The region’s economy is coming back, but hasn’t made up the ground lost during lockdown, according to the latest Quarterly Economic Monitor from Infometrics.
And once again, Hawke’s Bay’s strong primary sector is insulating the region from the worst economic effects.
“Long term trends of strong consumer spending, brisk house price inflation and record consenting activity supporting the construction sector are all playing a part in keeping things ticking over economically,” says Business Hawke’s Bay CEO Carolyn Neville.
Highlights of the report include a 2.7% increase in provisional GDP in the September quarter while that represents a 1% drop over the last 12 months, we’re still doing better than New Zealand overall. Electronic card spending was up 12% for the quarter and 2.5% for the year; house prices rose 11.1%; and a record number of residential consents were issued.
The fly in the ointment is tourism, with spending decreasing and Infometrics estimating that nationally, NZ could lose $1.2 billion a month from the loss of international tourism, even taking into account an expected lift in domestic tourism.
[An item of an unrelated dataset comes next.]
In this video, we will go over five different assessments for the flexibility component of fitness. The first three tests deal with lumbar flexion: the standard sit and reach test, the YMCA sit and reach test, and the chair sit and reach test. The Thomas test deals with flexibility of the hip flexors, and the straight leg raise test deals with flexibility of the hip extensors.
“Tourism remains an area of weakness as we look to the summer peak. With no international tourists or cruise ships visiting Napier this season, there’s a big spending gap to be filled. Every regional tourism operator will be competing hard for domestic visitors, who do not spend at the same level as internationals. And while spending by tourists was down 6.8% in the September 2020 year, that compared to a 16.5% drop nationally,” says Neville.
Unemployment was a mixed bag, up .2% to 4.9%, higher than the country’s overall rate of 4.4%. “Although Covid has had an impact, it appears that seasonality is the bigger driver in the decline in filled jobs, with agriculture, forestry and fishing sectors losing more than 2,000 roles between March and August, followed by a loss of nearly 1,000 roles in admin and support services over the same period.”
Consumer spending is strong across the Bay, with growth in Wairoa leading the way. Napier lags behind the other centres, but is still up 6.0% for the July-October period. Tills rang to the tune of $536 million in the September quarter, up from $480 million in the same period last year.
The average current house value in Hawke’s Bay rose 11.1% in the year to September 2020, and is outperforming New Zealand’s overall house price growth, which was up 8.0%. There were 321 residential consents issued in the September quarter, compared with 203 in the same quarter last year. A new peak of $229 million was reached for Hawke’s Bay non-residential building consent during the year to September, increasing by 43% compared to a year earlier.